The first stage of the air plant growth cycle is the reproductive process is the emergence of an inflorescence. The inflorescence includes the whole flower stalk from which the flowers will eventually emerge. Some air plants produce a single flower, while others produce a cluster of blooms. Likewise, some flowers are long-lasting, the xerographica’s flower can last up to a year long, while others will last only a few days.

Although they only bloom once, the air plant lifespan is not over when the flower has died. The air plant will live for several years after blooming and reproducing.

Tip: To lengthen the life of the bloom, when watering try to keep the flower out of the water.

Air Plant in Bloom


The next stage in the air plant growth cycle is flowering. A blooming an air plant will produce 1-3 little plantlets or pups. Usually, these little offsets can be found at the base of the plant, but they can also be found protected under dying leaves (so use caution when trimming up your plants). On some varieties, pups will emerge out of the flower stalk. Once the air plant pup is about 1/3 the size of the parent plant they can be carefully removed with sharp scissors, and you will have increased your air plant collection. If left alone the air plant will form a clump.

I’ve worried that because my air plant’s flower was damaged, the plant wouldn’t produce any pups, I was so relieved to be wrong. So, even if your flower doesn’t last as you’d like, you will still probably still get pups.

Propagating Air Plants


Having your own air plant clump is indeed an enviable possession. That is why most air plant growers, myself included, would much prefer to leave the pups attached and allowed to clump. Most individual air plants are fairly inexpensive, but an air plant clump is a real prize.

An Air Plant beginning to Clump

Air Plant Clump

Tillandsia aeranthos bronze clump.

TIP: If you are interested in growing a clump, two varieties that clump easily are the Tillandsia ionantha fuego and the Tillandsia bergeri.


After flowering, the air plant will also produce seeds. In their native habitat, this usually occurs in the dry season so that the seeds will not be washed away by the rain. Then, when the rain does come the seeds are ready to germinate and grow.

In the greenhouse producing air plants from seed is a lengthy and tedious process. It takes years to grow air plants from seed. The seed must be kept damp, but not too damp as to encourage fungus. The germination process takes about a month and the first few years of growth are very slow. Once the air plant reaches about an inch in length the growth rate increases. Despite the meticulous effort, the results are worth it. Air plants grown from seed tend to be very healthy, vigorous plants.

I’ve never grown an air plant from seed, but if you have, I’d love to hear about it!


A lot of people wonder how big air plants get, or if they even grow at all. Air plants are slow-growing plants. In a lot of ways, this is a good thing since they will not outgrow their display for a long time. If you want a large air plant, I suggest buying one that is already large rather than buying a small one and waiting for it to grow bigger.
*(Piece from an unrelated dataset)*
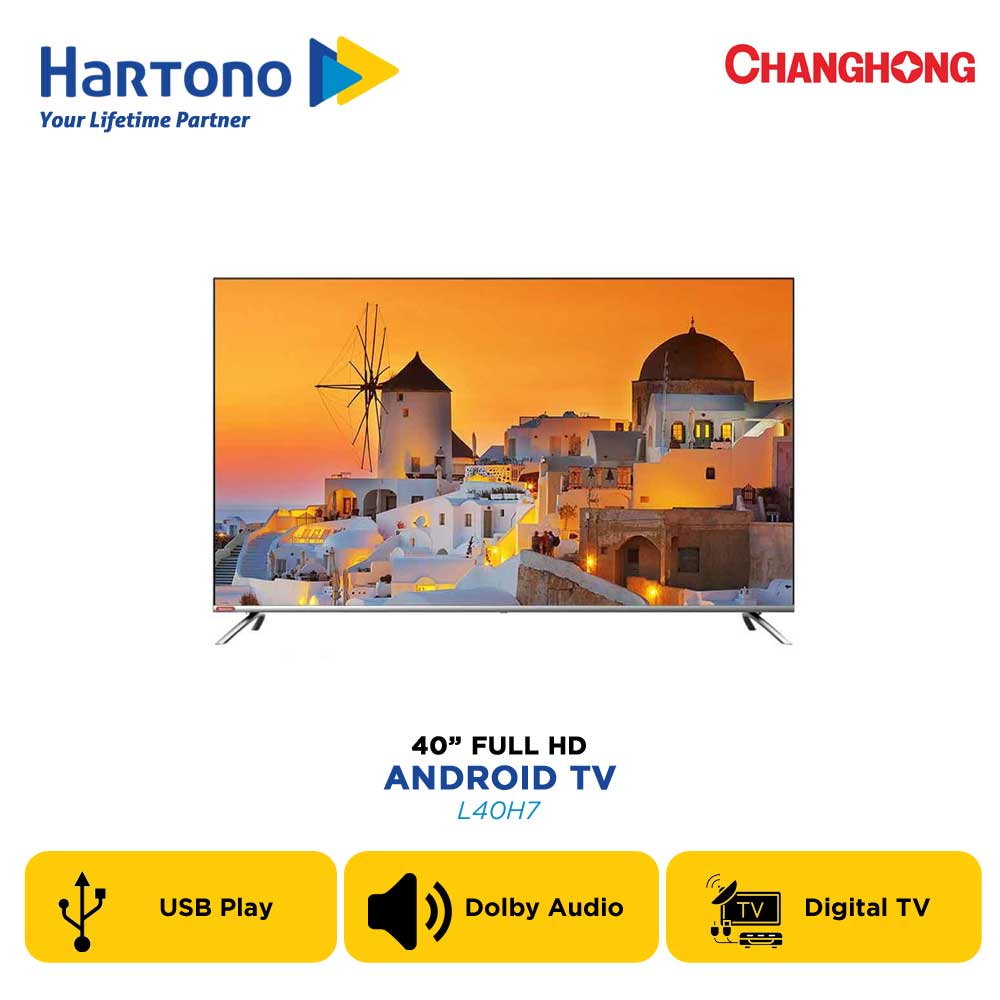 CHANGHONG 40" Android LED TV Full HD L40H7 dengan Dolby Audio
If you want a large air plant, start with the T. xerographica. This air plant is big and beautiful with elegant long leaves.

Likewise, if you’re interested in small air plants T. ioantha, T. butzii, T. bulbosa Guatemala and T. fuchsii are all small. Although all air plants start out small, so little is readily available.

Tip:When purchasing air plants online, you can always add a note to the seller letting them know which size of air plant you are looking for.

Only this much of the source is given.